When we drove off the ferry into town it was early so the streets were not crowded and everyone we saw, young and old, were wearing masks. Good. It was too early to go to our rental house so we had time to kill. Our car was overloaded with dog, dog items, suitcases of clothes, food and sports gear. There were bicycles in the back of the car and our two Kayaks on the roof and it was hot. Paradise was uncomfortable and we were not luxuriating in sea, surf or even land. What to do? 

I’ve been meditating on equanimity and I was feeling hungry, irritable and impatient to leave the car and get into vacation mode. I know that every moment is precious. I often quote Thich Nhat Hahn when I lead a meditation, 

 “Breathing in I calm.

Breathing out I smile. 

Dwelling in the present moment.

It is a precious moment.”

I exhaled. I reminded myself to keep my mouth shut and stop saying, “Let’s go to the house. Maybe the previous renter has left.” We did go, her car was there, we left. My mood did not. Ah, challenge. We went to the farmer’s market and people were in line and kept social distance and wore masks. Good. We got corn, bread, vegetables and cheese. Good. Back in the car, hot. Still not time to go back to the house. 

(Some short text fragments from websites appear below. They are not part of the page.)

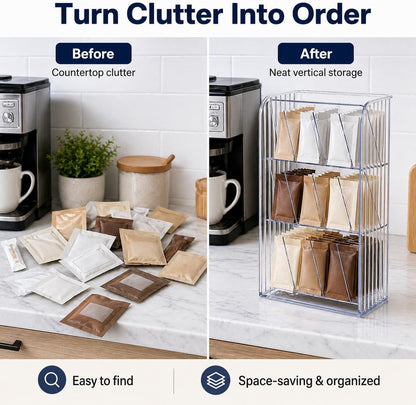 Drink Packet Organizer, 9-Compartment Water Flavor Packet Holder with Removable Dividers, Adjustable Tea Bag and Sugar Packet Storage Bin with Adhesive Stickers for Pantry, Fridge, Cabinet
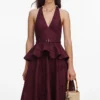 Plum Linen Blend Peplum Midi Dress Plum Linen Blend Peplum Midi Dress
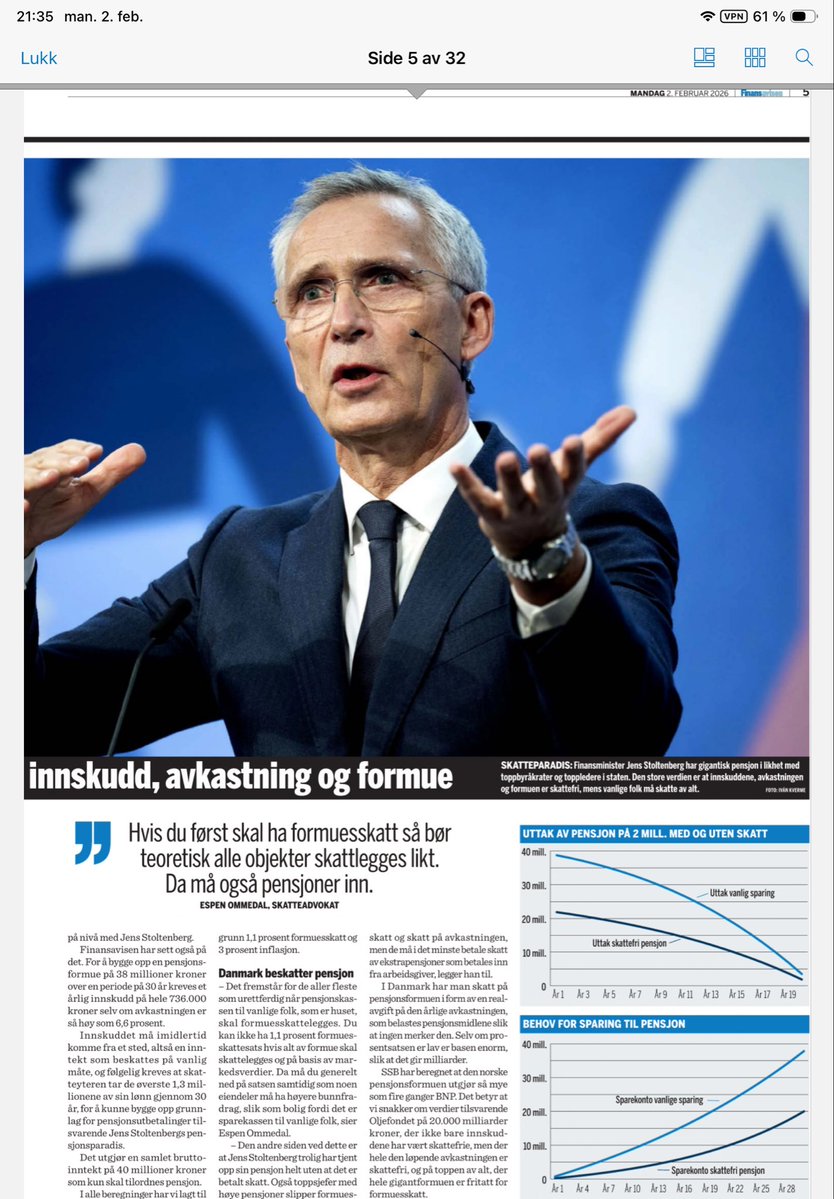 Finansavisen viser hvilke store personlige skattefordeler vår finansminister har. 
Og Stoltenberg har ingen skrupler med å synes at alle andre som rammes av hardere beskatning, enn ham selv, er «rettferdig»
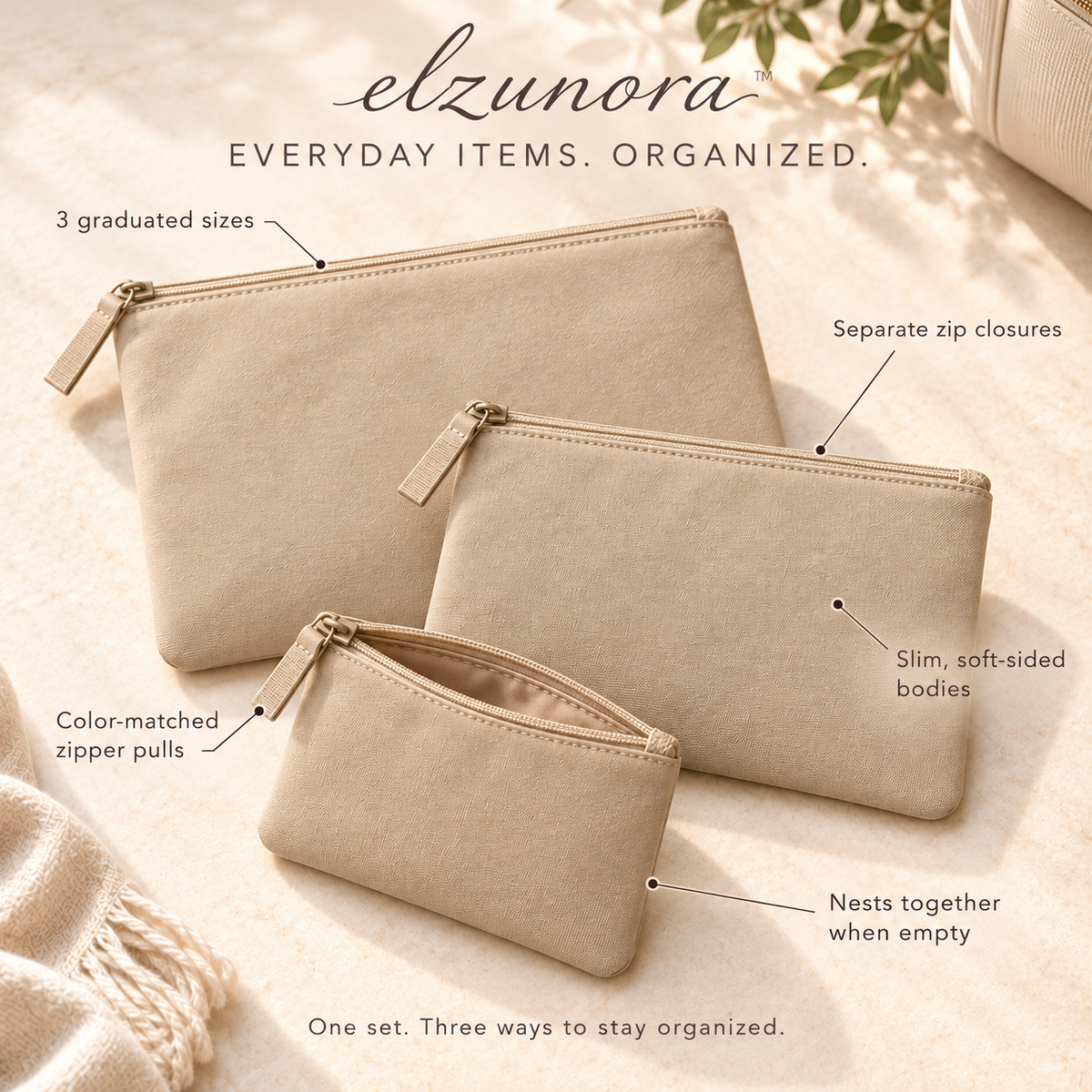 𝒆𝒍𝒛𝒖𝒏𝒐𝒓𝒂™ Travel Essentials Pouch Set, 3 Nesting Zipper Organizer Bags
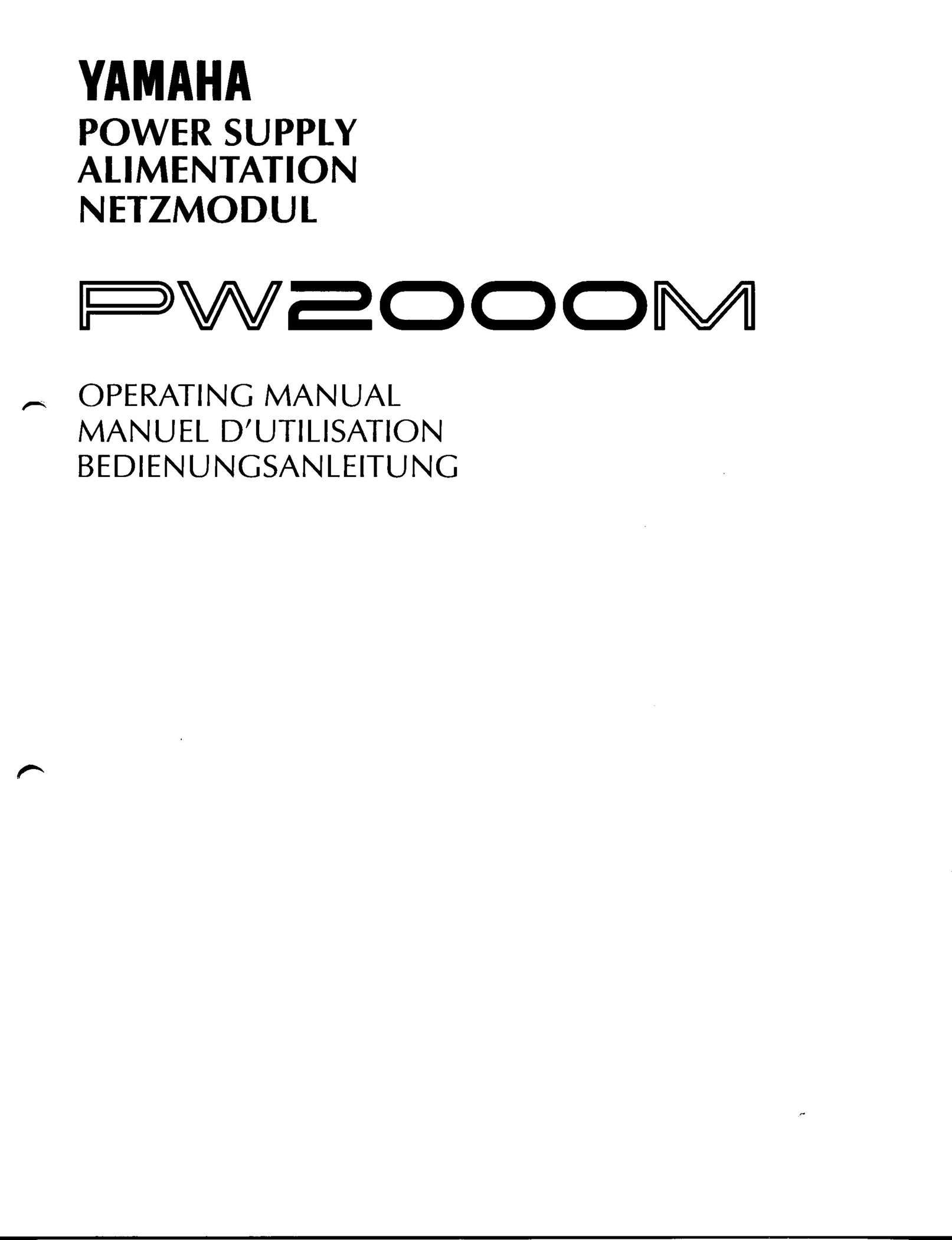 Yamaha PW2000M Power Supply User Manual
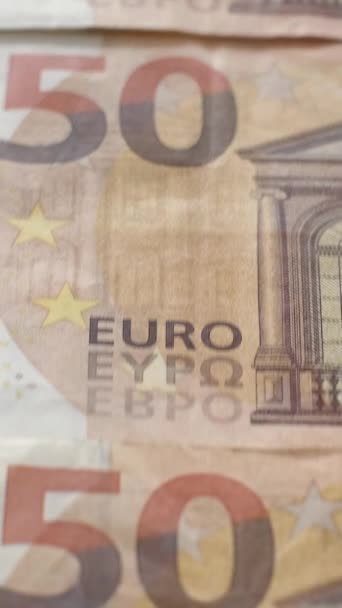 Vertikales Video Euro Bargeld Hintergrund Geld Europäische Fremdwährung Weltwirtschaft Nahaufnahme — Stockvideo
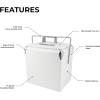 imagePermasteel Retro Vintage 14Qt Portable Ice Chest Hard Metal Beverage Cooler Personal Cooler for Camping Beach Picnic Classic Style WhiteWhite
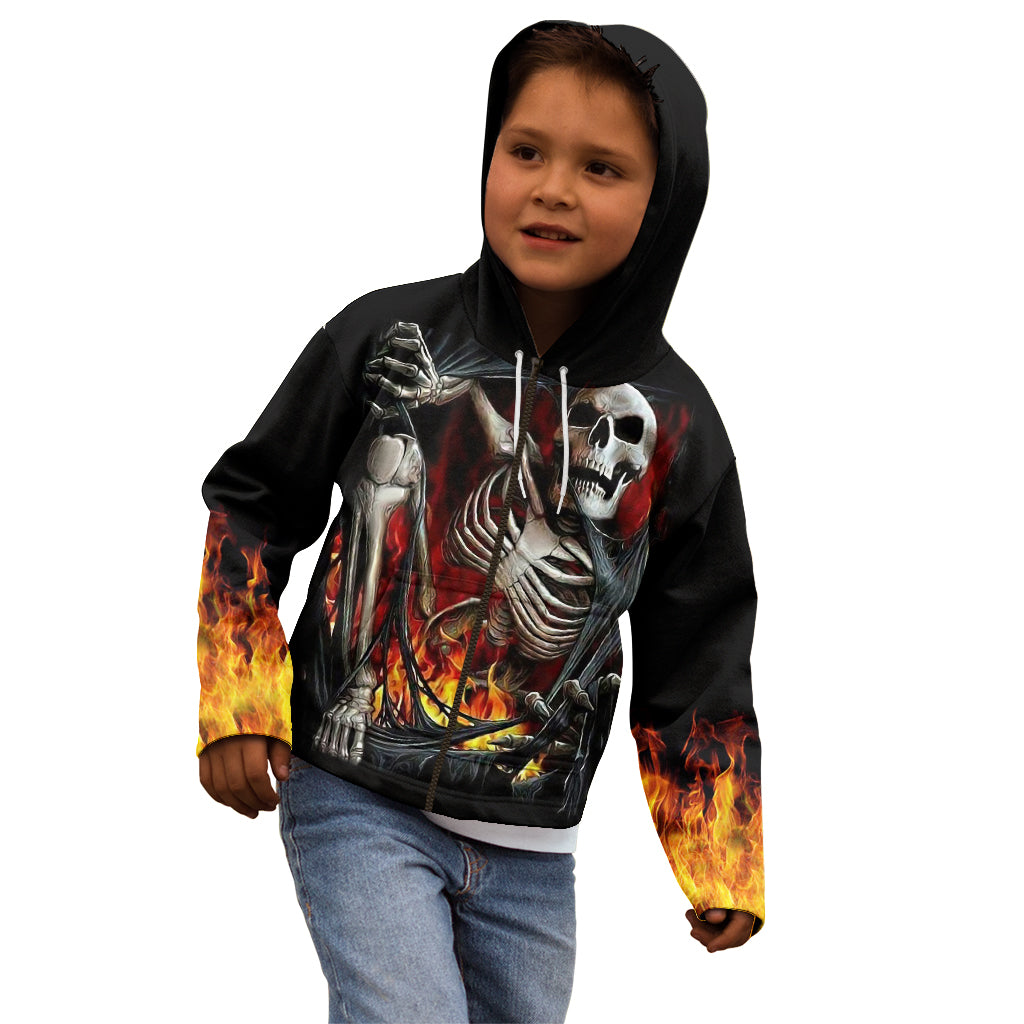 Skull Kid Hoodie Skeleton Ripped Inside Flame - Wonder Print Shop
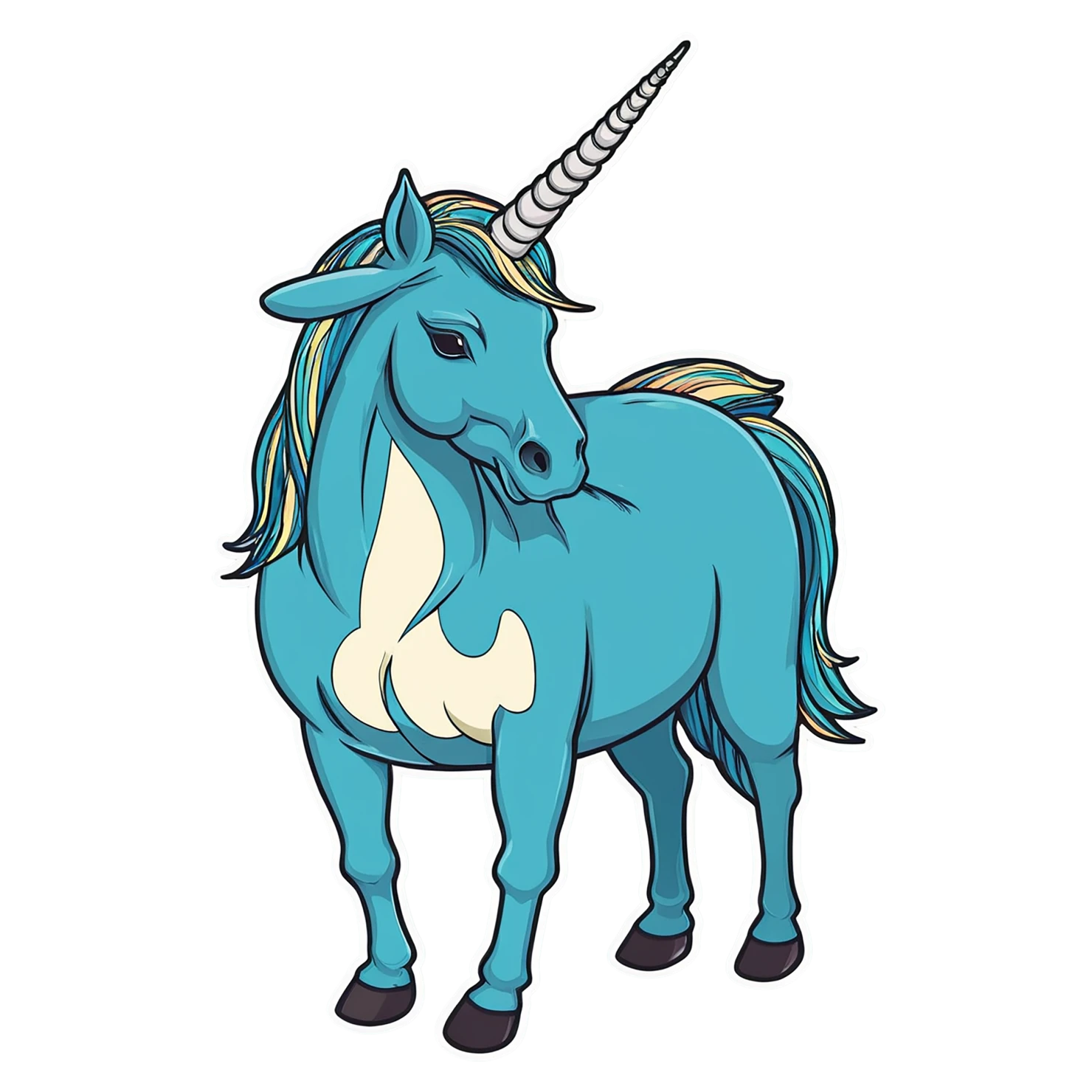 Unicorn cute sticker isolated on transparent background #23162
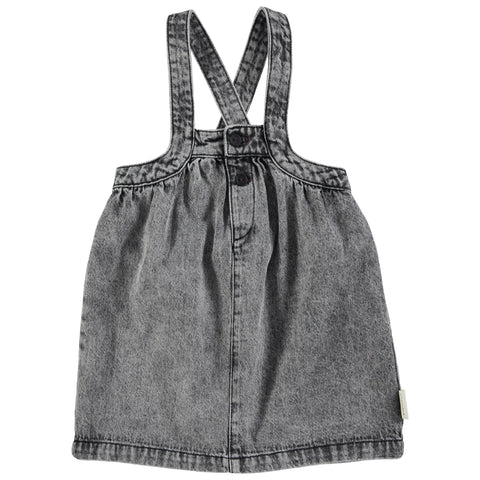 Piupiuchick Short Dress Straps Faded Black Denim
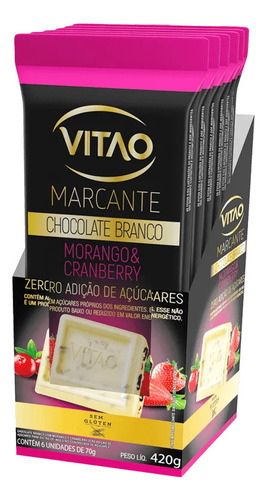Chocolate Branc Morango E Cranberry Diet Vitao 6x70g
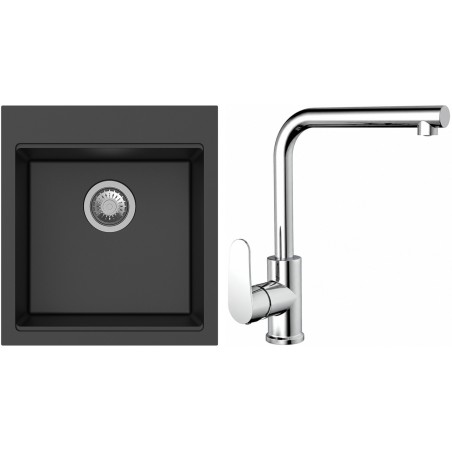 Set StrongSinks S3 (drez Ipel 460 Čierna + batéria Stréva Chróm)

Every moment is a precious moment.

We drove around the island, saw the cliffs at Aquinnah, formerly called Gay Head, went back to the house and a neighbor I had previously met was there cleaning. We both looked at each other.

“You were supposed to call.” She said. “The house won’t be ready until 1:00 PM.” 

“Really?”    (It was about 11:15)

Both of us felt annoyed. I explained our circumstance.

"We got on the ferry earlier than we expected and arrived on the Island before 8 AM and have been driving around. I’m sorry, I’m hot, irritable.”

She softened, I came to my senses and calmed. Crisis over. We got permission to refrigerate perishables and calm surfaced.

Vacation has begun...and we even got to go to the beach late afternoon. Everything changes!